Ich bin jetzt 47. Und ich weiss, dass meine Freundin die eine ist. Die grosse Liebe, mit der ich im Altersheim einmal ein Pärchenzimmer teilen möchte. Wir sind schon viele Jahre zusammen, und bis jetzt haben sie sich angefühlt wie lange, glückliche Sommerferien. Aus anderen Abteilungen des Lebens mag auf mich eingedroschen werden, aber sie und ich sind gut füreinander. Es ist nicht so, dass die Männer, mit denen ich in meinen heterosexuellen Phasen zusammen war, schlecht zu mir waren, es mangelt mir ganz einfach an Geduld und Interesse, die Welt eines Mannes dauerhaft zu meiner zu machen.
Zum ersten Mal in eine Frau verliebt war ich mit 21. Und das war alles andere als normal. Ich war es nicht gewohnt, «darüber» zu sprechen. Ich hatte mich «damit» noch nie befasst. Ich kam vom Land. Und das Einzige, was ich dort zum Thema lesbisch schon gesehen hatte, war ein uralter Artikel in der «Brigitte» über Martina Navrátilová. Nicht, dass dort irgendwo das Wort «lesbisch» vorgekommen wäre, aber der Artikel suggerierte auf irrsinnig umständliche Art, dass es zwischen der Tennisqueen und dem weiblichen Geschlecht eine besondere Art von Nähe geben könnte. Und sonst?
Restlos jedes der 5000 Bücher, die ich als Teenie gelesen hatte, beschränkte die Liebe auf etwas zwischen Mann und Frau. Nein, halt! In «Jane Eyre» von Charlotte Brontë gab es diese eine Szene, in der Jane sich im Waisenhaus zu ihrer typhuskranken Freundin Helen ins Bett legt, und die beiden reden miteinander, als wären sie ein Paar. Als Jane am nächsten Morgen erwacht, ist Helen tot. Und dann gab es auch noch den Film «Mädchen in Uniform», in dem sich Romy Schneider in ihre Lehrerin verliebt und einen Selbstmordversuch unternimmt. Und den Film «Infam», in dem sich Shirley MacLaine in Audrey Hepburn verliebt und sich umbringt.

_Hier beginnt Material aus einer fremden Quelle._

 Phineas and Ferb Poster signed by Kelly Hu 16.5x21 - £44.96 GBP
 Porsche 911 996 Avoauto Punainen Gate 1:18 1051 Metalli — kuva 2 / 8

Das faszinierte mich alles ganz ungeheuer, aber meine Fantasien über die ideale romantische Beziehung richteten sich damals noch auf Jungs und schwankten so zwischen «Wir Kinder vom Bahnhof Zoo» und «Schwanensee». Hauptsache Melodram.
Und dann hatte ich plötzlich diese beste Freundin in Berlin, die ich so viel cooler, kühner und klüger fand als mich selbst. Nach einem Jahr, in dem wir uns dreimal die Woche in langen Briefen über die unfassbare Beschissenheit unserer Männerbeziehungen ausgetauscht hatten, schrieb ich mit dem ganzen Pathos unserer jungen Jahre: «Entweder gehe ich jetzt ins Kloster, oder ich werde lesbisch.» Gemeinsam entschlossen wir uns zu Letzterem. Es machte mehr Spass. Nein, es war natürlich fürchterlich kompliziert. Wir taten zuerst, als ahnten wir nicht, wo es enden würde. Wir redeten uns in die völlige Erschöpfung und wussten doch, dass jedes weitere Wälzen von Möglichkeiten und Theorien nur ein weiterer Schritt der Annäherung war. Und dann kam es, quasi das zweite erste Mal. Ich sags mal so: Es fühlte sich an, als würde ich nach Jahren in Ikea-Baumwolle zum ersten Mal in teurer Satinbettwäsche schlafen. Doch kaum hatte der Spass begonnen, widmete sie sich wieder den Männern. Und ich stand da und wusste: Das Jetzt gefiel mir definitiv besser als das Vorher. Aber wohin sollte ich bloss mit dieser Erkenntnis? Zu meinen Eltern sicher nicht. Mein neues Glück tat ihnen weh. Sie hofften, dass ich eines Tages mit einem netten Mann, herzigen Kindern und einem schönen Einfamilienhaus ankommen würde. Ihr Ideal war die Familie. Ich verstand ihre Sehnsucht damals nicht. Ich fühlte mich radikal und war viel zu ungeduldig mit ihnen. Heute tut mir das leid.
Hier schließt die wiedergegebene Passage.